In recent years, our community has neither threatened nor denied a speaker the right to present at Wellesley based on their ideas and has made efforts to encourage productive dialogue surrounding controversial issues. In instances where there were dissenting reactions to events on campus, such as the recent defacing of posters, students and faculty responded appropriately with the intention of promoting respect on campus. In essence, we have exercised our right to free speech in the form of disagreement. When a visiting lecturer comes to campus to share their beliefs, the audience should have an opportunity to object to those perspectives. Wellesley students are not complacent when a guest speaker offers harmful rhetoric. Unlike the events that transpired at Middlebury College in early March in which a speaker and professor were attacked, we have neither engaged in the violent silencing of opposing opinions, nor do we support such actions. Instead, Wellesley students listen to and understand those that differ from us regarding politics, religion and other sensitive topics and respond with productive discourse.

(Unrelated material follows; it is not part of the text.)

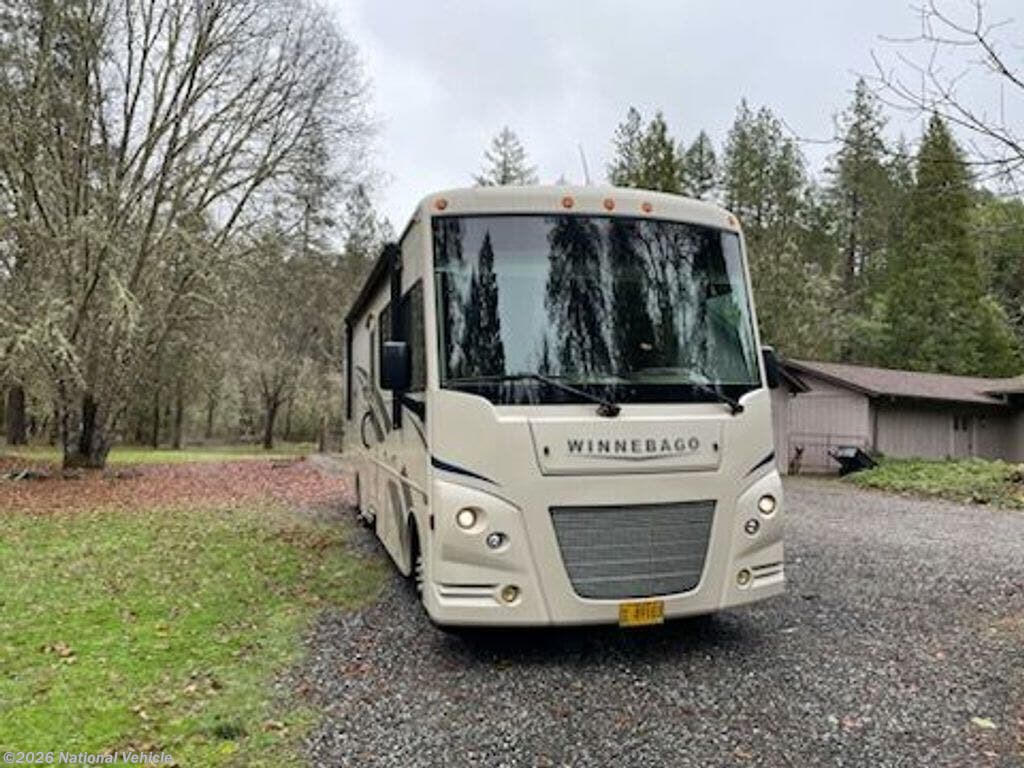 Used 2018 Winnebago Sunstar 31BE available in Grants Pass, Oregon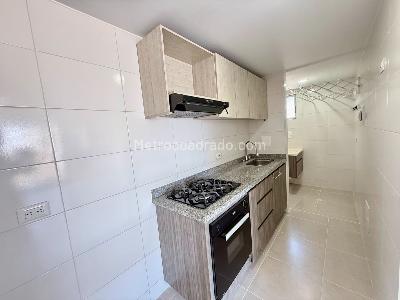 Apartamento de 2 alcobas en venta en Torre Parque Bolivar, Bucaramanga, 64 m² · foto 3 de 20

Wellesley will not be labeled an echochamber of liberal opinions while we have demonstrated concerted efforts to seek out well-evidenced opinions that differ from ours. We have the right to speak freely and to debate opinions. In the coming years, we will continue to do just that — never with violence, but with constructive dialogue. Yet, even as we exercise our right to object, onlookers are offended by our audacity. It would be against our principles as a place of intellectual conversation to deny free debate through respectful avenues.
Wellesley is viewed as a laboratory for left-wing feminism, namely due to several prominent alumnae closely associated with our college. While our institution does train young women to be industry leaders, attacking us is not a proxy for criticizing Wellesley alumnae. Media attention seems to arise from the fact that we, as students from a predominantly women’s college, are willing to speak out about important issues that affect us.

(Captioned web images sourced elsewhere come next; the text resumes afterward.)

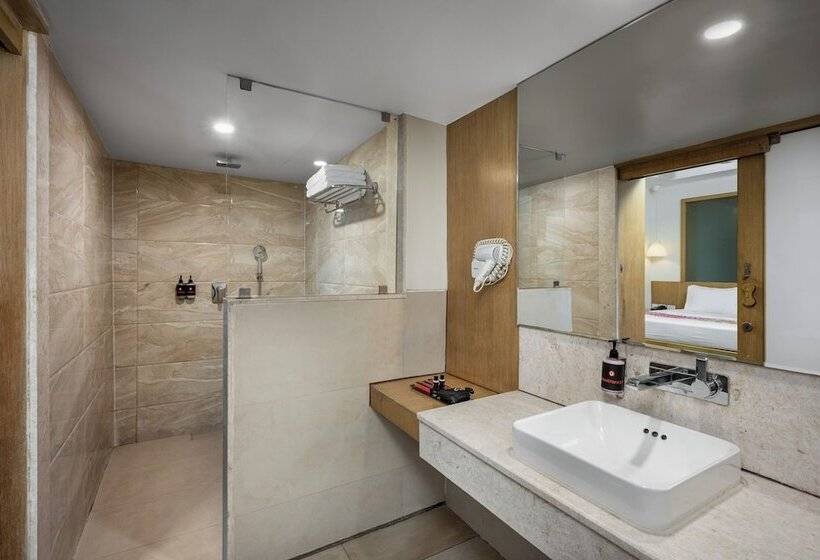 Президентский Люкс, Ginger Kochi Mg Road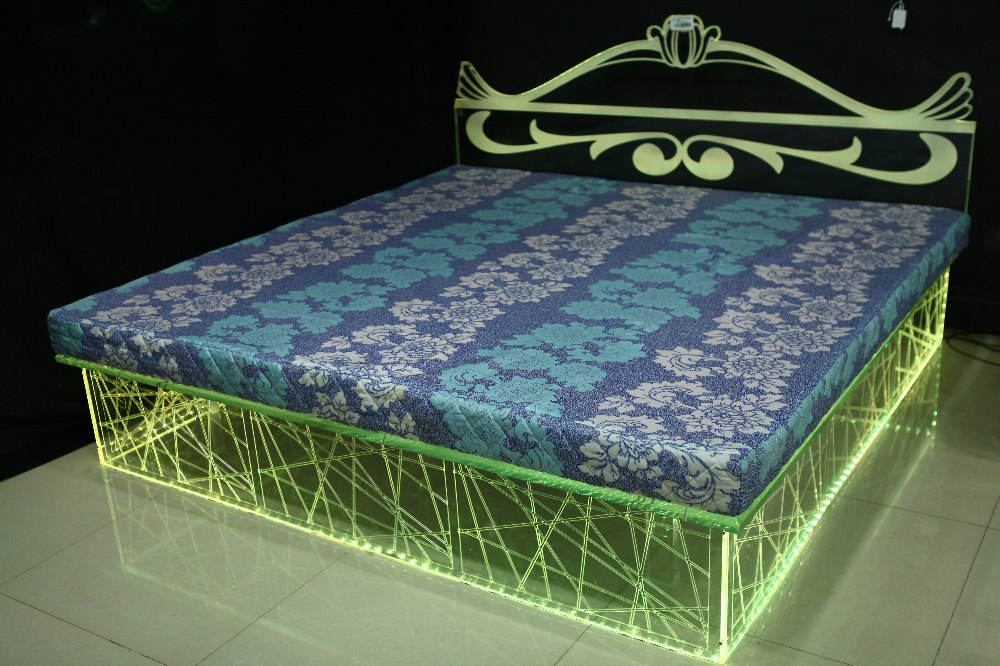 Transparent DD DESIGNS Acrylic Lighting King-size Bed, Size: King Size, 5 Year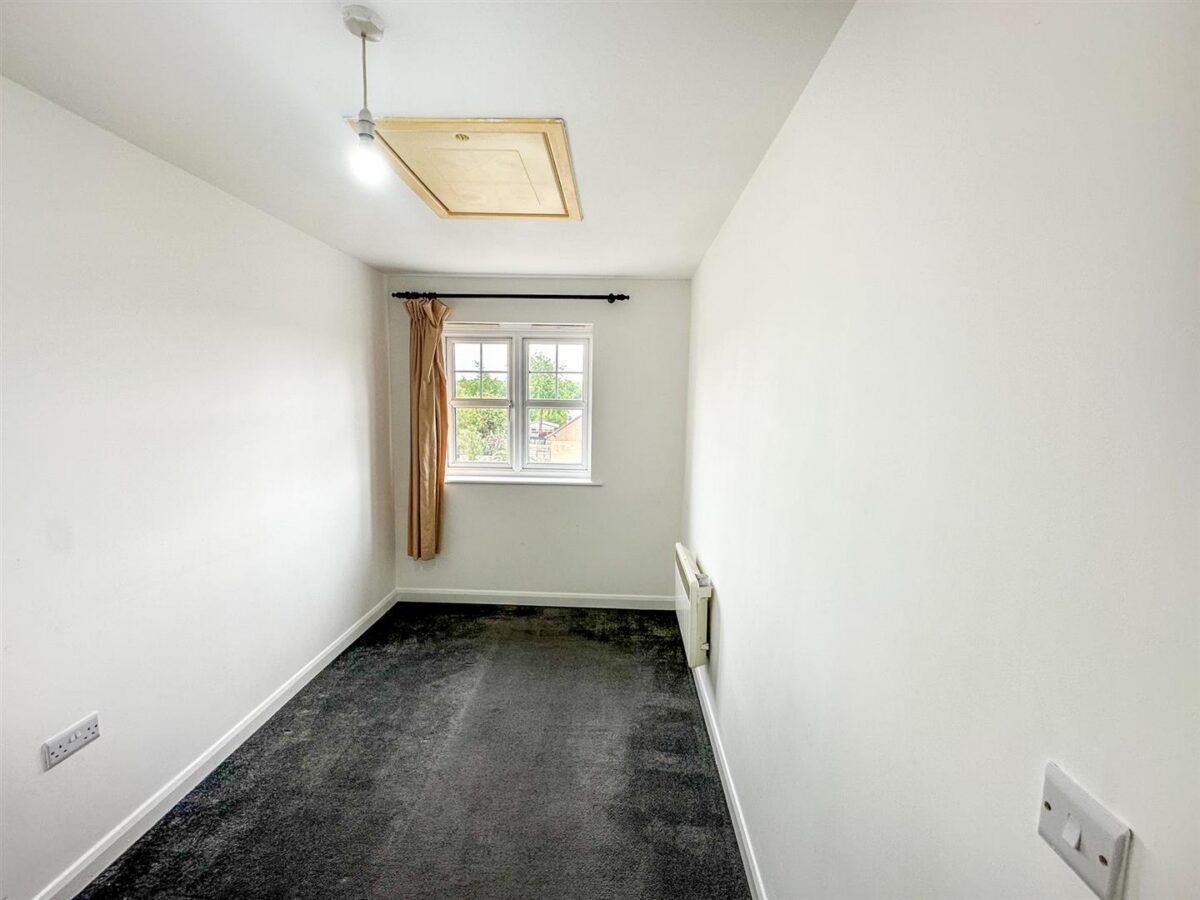 Exmouth Court, Corby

Several writers have taken it upon themselves to defend freedom of speech in response to our editorial. Even as they attempt to safeguard their interpretation of this right, they seem unable to dissociate their judgments from overtly sexist commentary. Comments and tweets responding to our article referred to us as having “our pantyhose in a twist over free speech…” and then sarcastically called us “tough broads.” Others told us to “listen to the man in the house” and “get back in the kitchen.” We do not resist disagreement to our claims, but we do resist insults that are explicitly sexist and denigrate us simply for being women. Despite our editorial not including any issues regarding gender, many of the criticisms have centered around this aspect of our identity.
We welcome discourse on free speech and on how we define and defend it, but the responses have largely been irrelevant to the conversation we sought to develop. Instead, they have relied heavily on ad hominem attacks on not what we said but who we are — attacks that do not further discourse in the slightest.

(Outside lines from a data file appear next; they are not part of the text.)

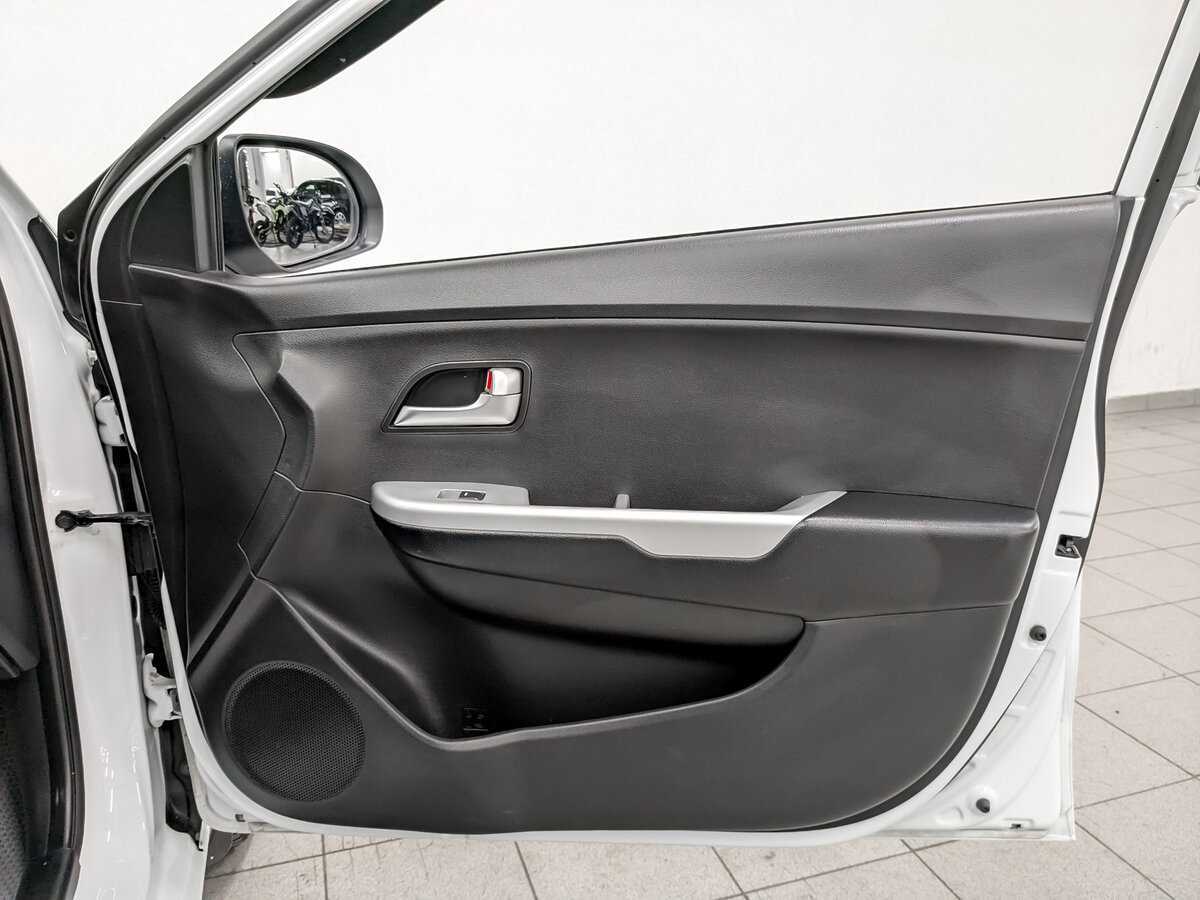 Купить Kia Rio, 2015, 162 188 км.. Фото: #21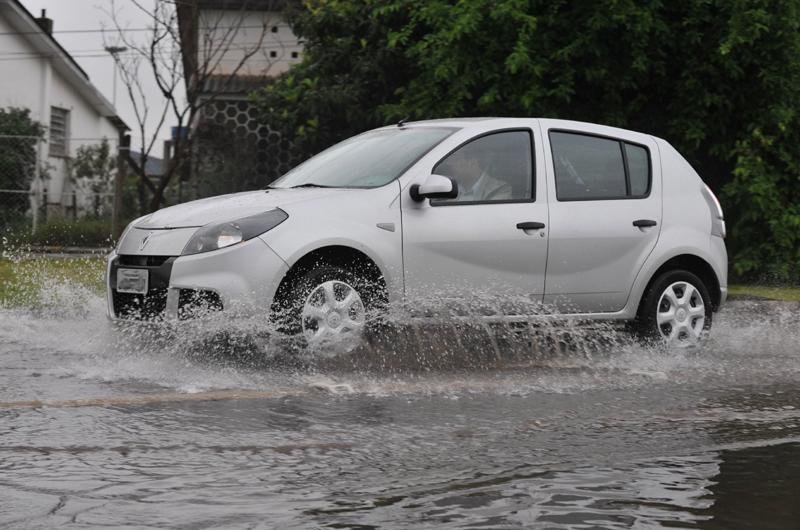 Ruas e avenidas da Capital ficaram alagadas por causa da chuva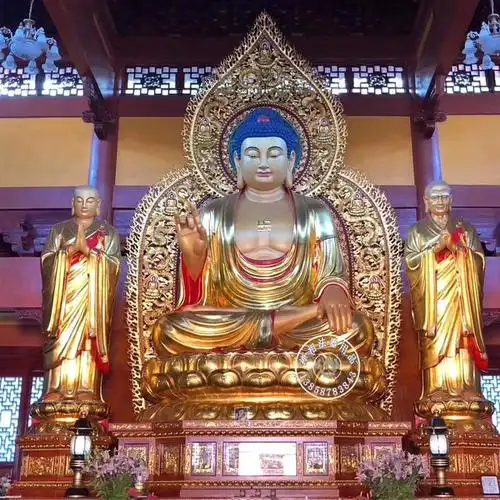寺庙极彩大雄宝殿三宝佛像 木雕三宝佛像图片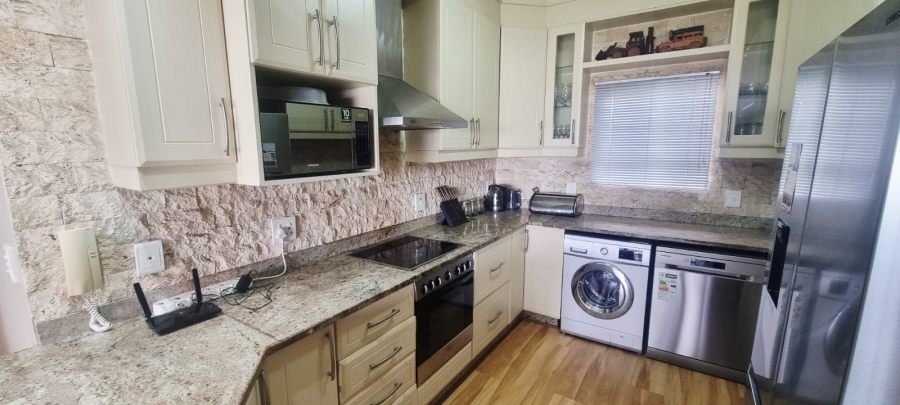 3 Bedroom Property for Sale in Shelly Beach KwaZulu-Natal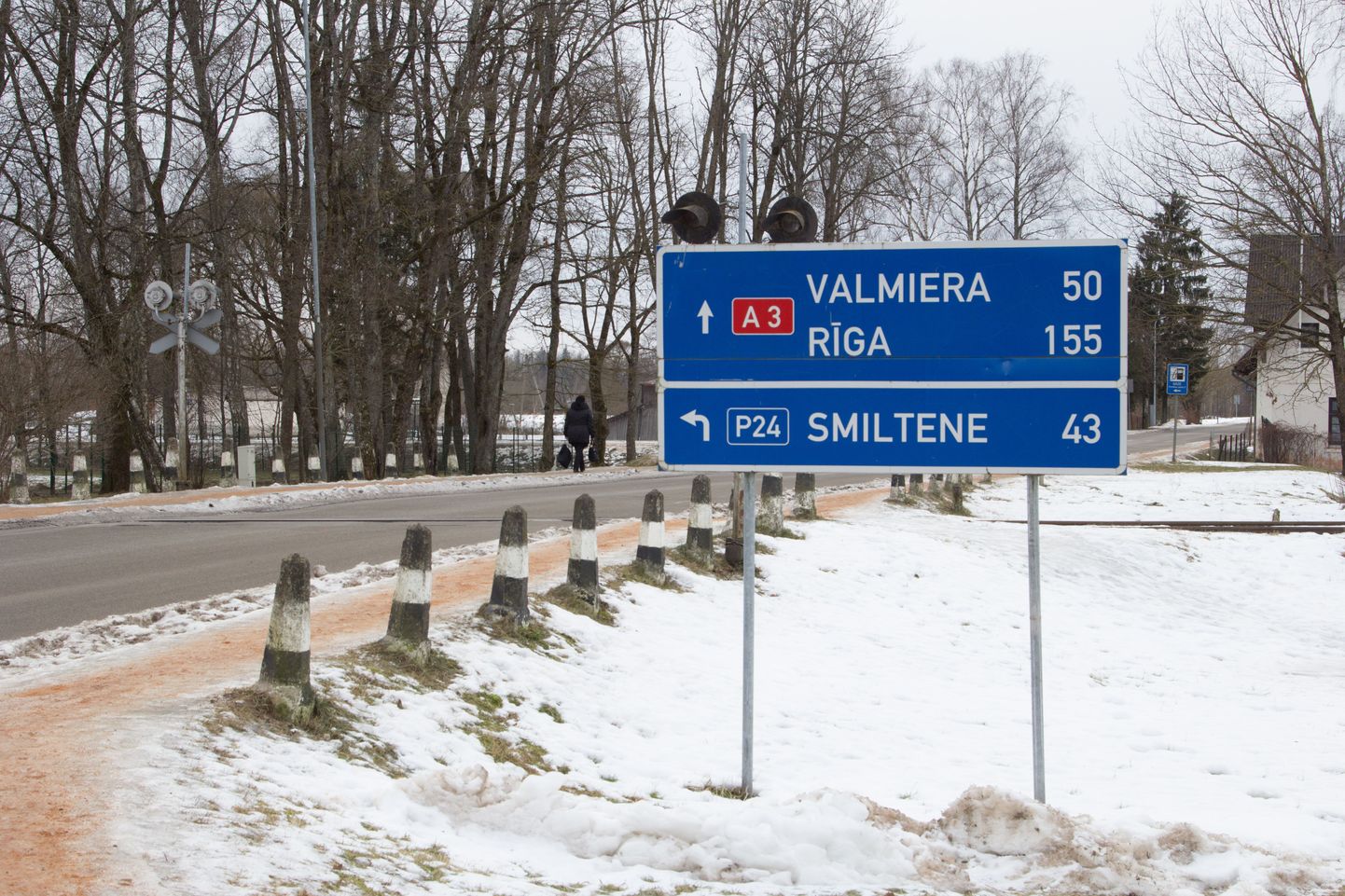 Kui Valga haiglas polnud veel eilse seisuga kinnitust saanud ükski gripijuhtum, siis vaid poolesaja kilomeetri kaugusel Valmieras on haigestunuid niivõrd palju, et voodikohtadega on kitsas.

When women become actively involved in the political sphere, we are often met with commentary that is sexist or accused of propagating misandry. We are deviating from the standard by voicing our objections, and that is considered a threat to freedom of speech.
However, the line most commonly pulled from last week’s editorial referenced hostile retaliation in cases of dissent. To be clear, this statement was misconstrued as a call for violence against oppressive speech. We neither condone violence as a form of disagreement, nor have we used brutality in our community. Instead, we are committed to protecting our students’ right to feel safe on campus.
Nevertheless, there is something threatening to modern society about women exercising independent thought. Those that are offended by the editorial and thus inclined to write and tweet about events at Wellesley are exercising their First Amendment rights. We are exercising ours by disagreeing. To refuse to continue to engage with our opinion is to be guilty of the same infringement of freedom with which we are charged. The world suppresses women’s voices even while demanding the recognition of uncensored expression.
We respect free speech at Wellesley. We reiterate that there is a line between free speech and hate speech. We fight not against free speech, but to protect members of our community from language that harms or threatens their well-being. Thus, we respect the right to use speech to challenge other views. We will listen to and dismantle arguments and opinions that threaten a person’s ability to speak freely.